Prince William, his wife Catherine and Prince Harry took part in a royal opening ceremony in Leeds before the 2014 Tour de France began on Saturday.
The Duchess of Cambridge was given the honour of cutting the official start ribbon at Harewood House, just outside Leeds, before reigning champion Chris Froome and the rest of the peloton set off on the 190.5km opening stage around Yorkshire.
The three royal guests spoke to several riders at the ceremony including Froome, British sprint king Mark Cavendish, former Tour winners Alberto Contador and Andy Schleck, as well as the two other Brits in the peloton, Geraint Thomas and Simon Yates.
A band at the stately country home in Yorkshire played the national anthems of France and Britain while the famous Red Arrows, the Royal Air Force Aerobatic Team, flew overhead through blue skies amidst a bright sunny background.
Thousands of people lined the roads to cheer on Froome, his fellow Brits and the rest of the peloton.

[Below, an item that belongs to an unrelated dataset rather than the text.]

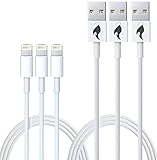 iPhone 6 Charger, (3 Pack) Lightning Cable Sync USB Charging Cord for iPhone 6 / 6 Plus / 6s / 6s Plus / Se , iPhone 5 / 5s / 5c , iPad Air / Air 2 / Mini / iPod Touch 5th / 7th Generation, (3')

Froome and Cavendish, who is hotly tipped to win the opening stage in Harrogate, the town where his mother was born, led the peloton through the streets of Leeds on parade between the fictitious start and the opening ceremony at Harewood House.
The actual race start took place 3km further along the road, after which there was an immediate attack.
German Jens Voigt, the oldest rider in the race at 42 and who is competing in his record-equalling 17th Tour, was joined by Frenchmen Benoit Jarrier and Nicolas Edet in attacking.
Organisers were expecting around two million people to line the streets in Yorkshire along the opening stage route.